• What is required
All lines from the one containing "Nous sommes tous" through the final line of the listing below, and no others, must be returned exactly; no pictures belong in the copy.

• Dataset content
* * * * *

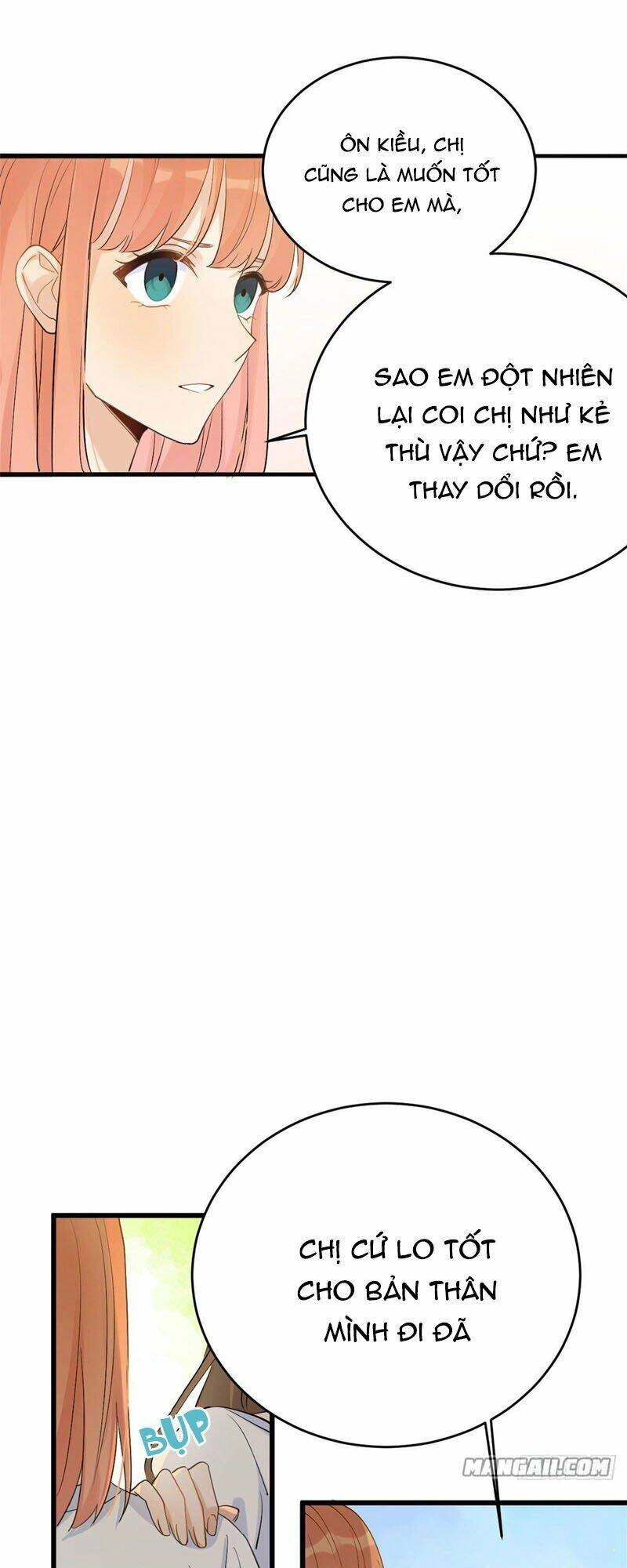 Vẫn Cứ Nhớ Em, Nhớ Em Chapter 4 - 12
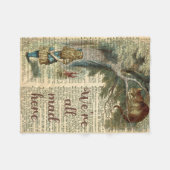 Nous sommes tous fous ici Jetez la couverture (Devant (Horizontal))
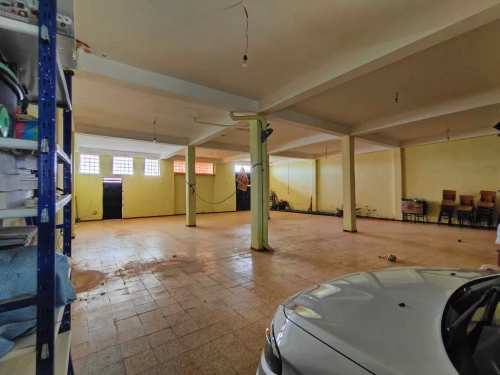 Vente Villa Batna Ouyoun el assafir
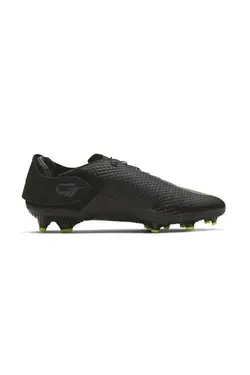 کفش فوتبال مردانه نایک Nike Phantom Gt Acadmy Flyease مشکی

* * * * *

• Task solution
 Nous sommes tous fous ici Jetez la couverture (Devant (Horizontal))
 Vente Villa Batna Ouyoun el assafir
 کفش فوتبال مردانه نایک Nike Phantom Gt Acadmy Flyease مشکی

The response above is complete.